Environmental impact of wastes and sewage discharged by staff:

$${\mathrm{E}}_{\mathrm{Staff}}\left(\mathrm{x},{\mathrm{T}}_{\mathrm{Completed}}\right)={\displaystyle \sum }_{\mathrm{T} = \mathrm{Start}}^{\mathrm{T} = \mathrm{Completed}}\left({\mathrm{P}}_{\mathrm{a}}\times {\mathrm{T}}_{\mathrm{m}}\times {\mathrm{T}}_{\mathrm{n}}\times {\mathsf{\lambda }}_{\mathrm{p}}+{ \mathrm{S}}_{\mathrm{m}}\times {\mathrm{P}}_{\mathrm{a}}\times {\mathsf{\lambda }}_{\mathrm{x}}\times {\mathrm{T}}_{\mathrm{n}} \right)$$

(13)

${\mathrm{E}}_{\mathrm{Staff}}\left(\mathrm{x},{\mathrm{T}}_{\mathrm{Completed}}\right)$ = Impact contribution of wastes and sewage discharged by staff (kg); ${\mathrm{P}}_{\mathrm{a}}$ = Total number of staff (Persons); ${\mathrm{T}}_{\mathrm{m}}$ = Domestic waste (kg/day); ${\mathrm{T}}_{\mathrm{n}}$ = Time in the post of staff (day); ${\mathsf{\lambda }}_{\mathrm{p}}$ = Emission coefficient of domestic waste (kg) [59]; ${\mathrm{S}}_{\mathrm{m}}$ = Sewage generated by staff (kg/day); ${\mathsf{\lambda }}_{\mathrm{x}}$ = Emission coefficient of sewage (kg) [60].

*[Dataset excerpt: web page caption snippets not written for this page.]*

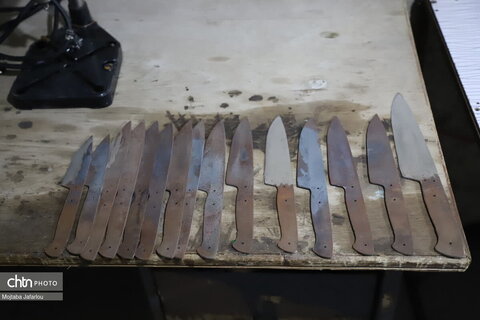 دیدار با خانواده شهید جبار حسنی از صنعتگران صنایع‌دستی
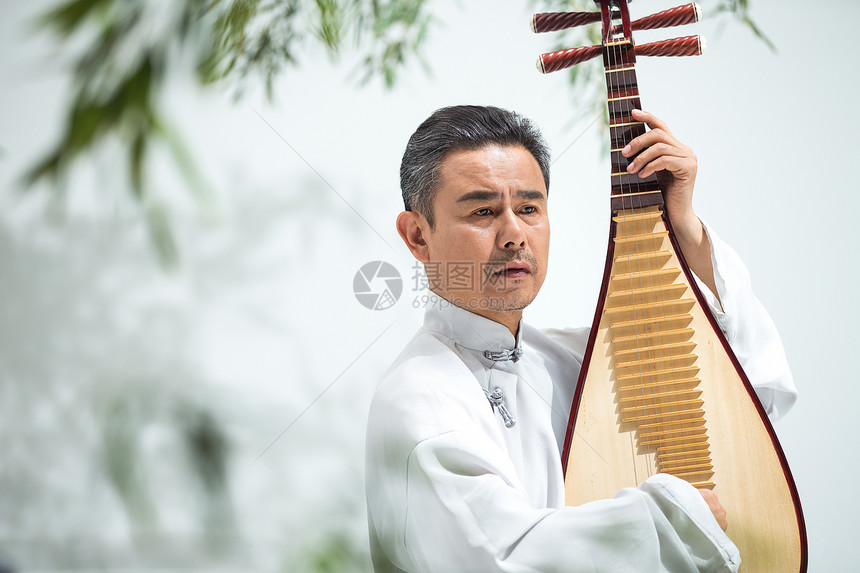 男艺术家在弹琵琶图片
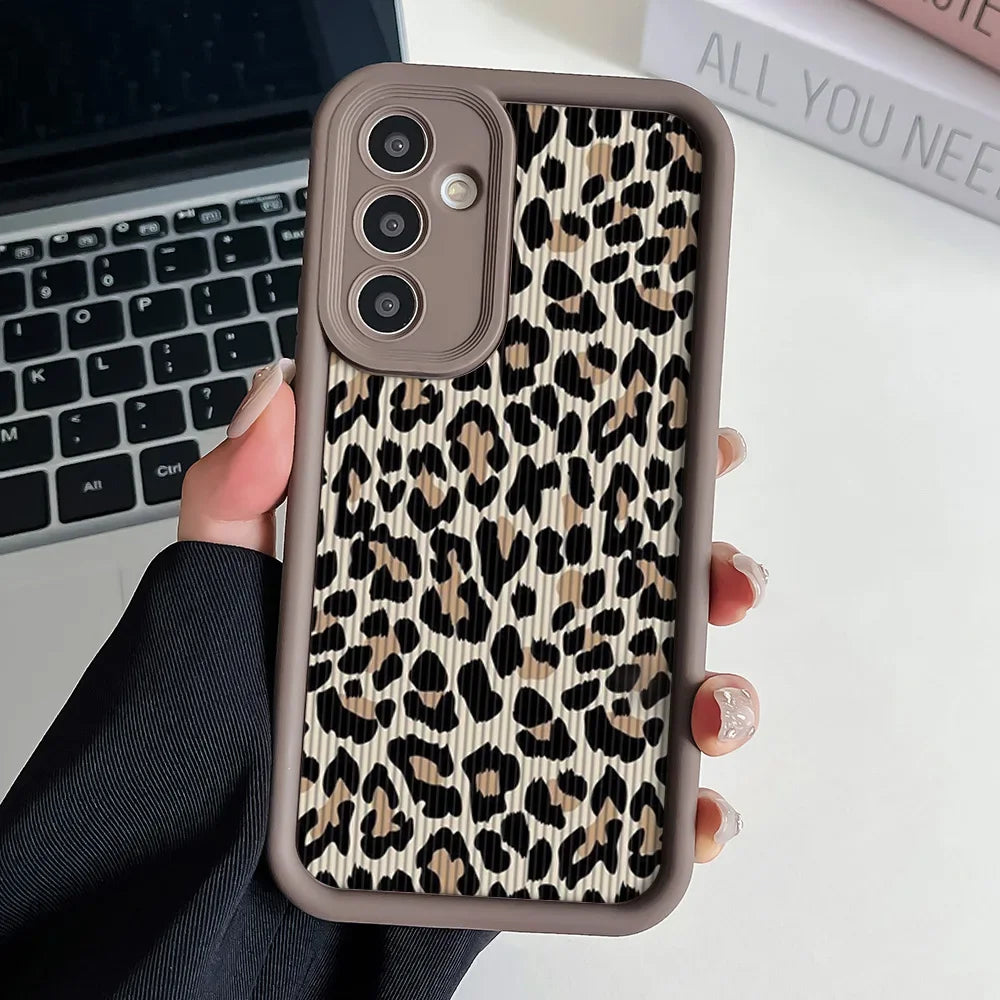 Leopard Wrist Chain Lanyard Case for Samsung S25 S24 S23 S22 S21 Plus Ultra S20 FE A50 A05 11 30 20 Soft TPU Phone Cover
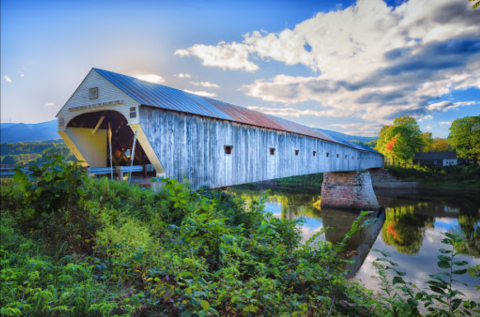 9 Undeniable Reasons To Visit The Oldest And Longest Covered Bridge In New Hampshire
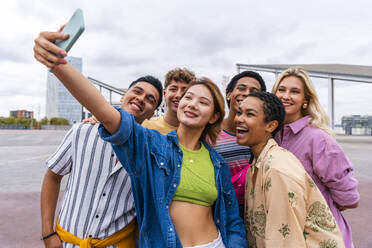 Junge Menschen in der Stadt machen ein Selfie und haben Spaß zusammen - OIPF04037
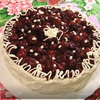Бисквитный торт с вишней и клубничным суфле (Tescoma)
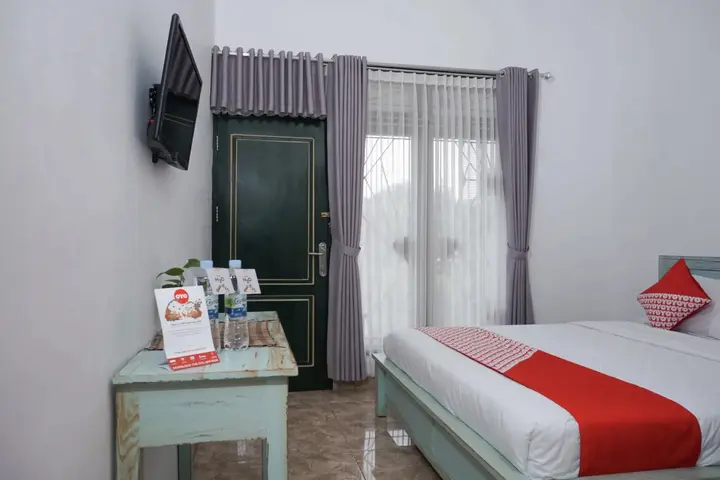 Депок: OYO 244 Griya Cemara Homestay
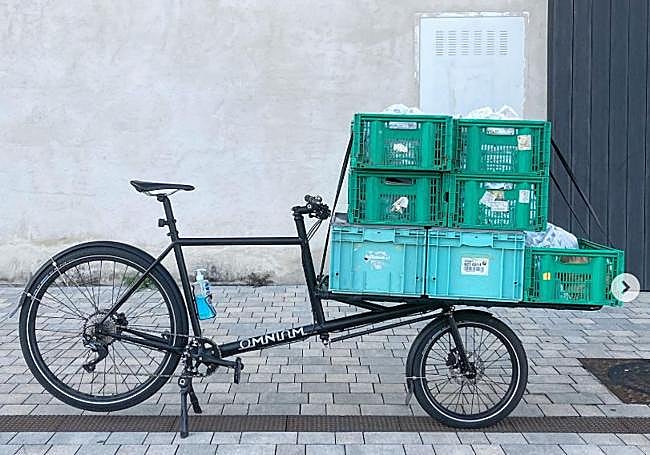Así se preparan lascestas que luego se reparten en bicicleta por Vitoria.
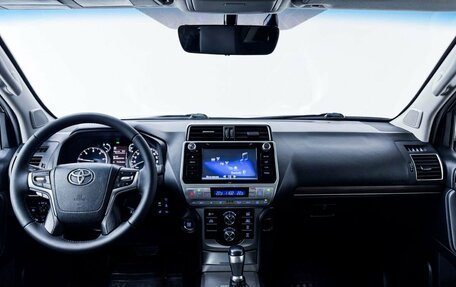 Toyota Land Cruiser Prado 150 рестайлинг 2, 2018 год, 5 000 000 рублей, 10 фотография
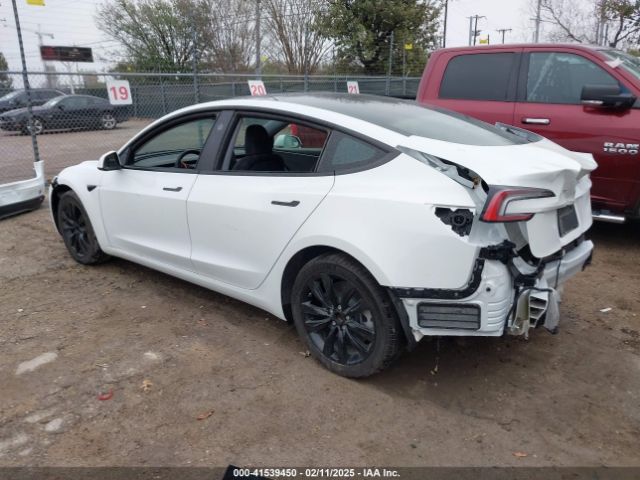2024 TESLA MODEL 3 5YJ3E1EA9RF762392 Photo 2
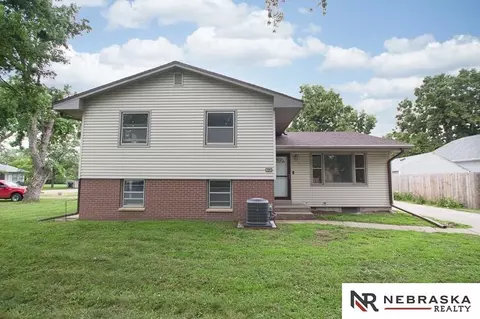 4100 Greenwood St, Lincoln, NE 68504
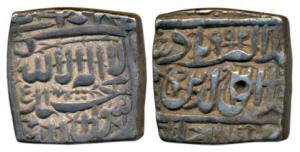 Akbar, Silver Square Rupee, 11.32g, Ahmedabad Mint, AH 992, Kalima type, (KM 82.1). Very F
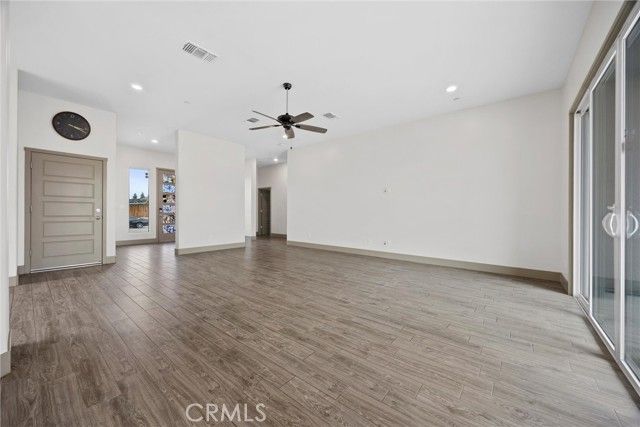 5913 Hawthorn Tree, Bakersfield, CA 93313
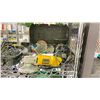Image 1 : DEWALT ANGLE GRINDER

Environmental impact of energy consumption:

$${\mathrm{E}}_{\mathrm{Energy}}\left(\mathrm{x},{\mathrm{T}}_{\mathrm{Completed}}\right) = {\displaystyle \sum }_{\mathrm{T} = \mathrm{Start}}^{\mathrm{T} = \mathrm{Completed}}\left\{\begin{array}{cc}\left[{\mathrm{T}}_{\mathrm{i}}\times {\lambda }_{\mathrm{p}}\times \left(1+{\mathrm{E}}_1\right)\right]& { \mathrm{Staff}}_{\mathrm{Electricity} \mathrm{consumption} }\\ \left[{\mathrm{T}}_1\times {\lambda }_{\mathrm{q}}\times \left(1+{\mathrm{E}}_{\mathrm{w}}\right)\right]& { \mathrm{Staff}}_{\mathrm{Water} \mathrm{consumption} }\\ {\mathrm{G}}_{\mathrm{m}}\times {\lambda }_{\mathrm{n}}\times {\mathrm{T}}_{\mathrm{m}}\times \left(1+{\mathrm{L}}_{\mathrm{n}}\right)& { \mathrm{Generator}}_{\mathrm{Fuel} \mathrm{consumption} }\\ { \mathrm{Energy} \mathrm{consumption}}_{\mathrm{Number} }& { \mathrm{Special} \mathrm{case}}_{\mathrm{Other} \mathrm{energy} }\end{array}\right\}$$

(14)

${\mathrm{E}}_{\mathrm{Energy}}\left(\mathrm{x},{\mathrm{T}}_{\mathrm{Completed}}\right)$= Impact contribution of energy in the construction stage (kg); ${\mathrm{T}}_{\mathrm{i},}{\mathrm{T}}_{\mathrm{l}}$ = Daily energy consumption and water consumption of staff (kW/day, kg/day) [61]; ${\mathsf{\lambda }}_{\mathrm{p}},{\mathsf{\lambda }}_{\mathrm{q}}$ = Emission coefficient of electricity and water (kg/kW, kg); ${\mathrm{E}}_{\mathrm{w}}$ = Loss coefficient of water (%);${ \mathrm{G}}_{\mathrm{m}}$ = Fuel consumption of engine at the time of power outage and field operation (kg/hour); ${\mathsf{\lambda }}_{\mathrm{n}}$ = Emission coefficient of fuel n (kg); ${\mathrm{T}}_{\mathrm{m}}$ = Working time of power generation equipment (hour); ${\mathrm{L}}_{\mathrm{n}}$ = Fuel consumption during working time of power generation equipment (kg/hour).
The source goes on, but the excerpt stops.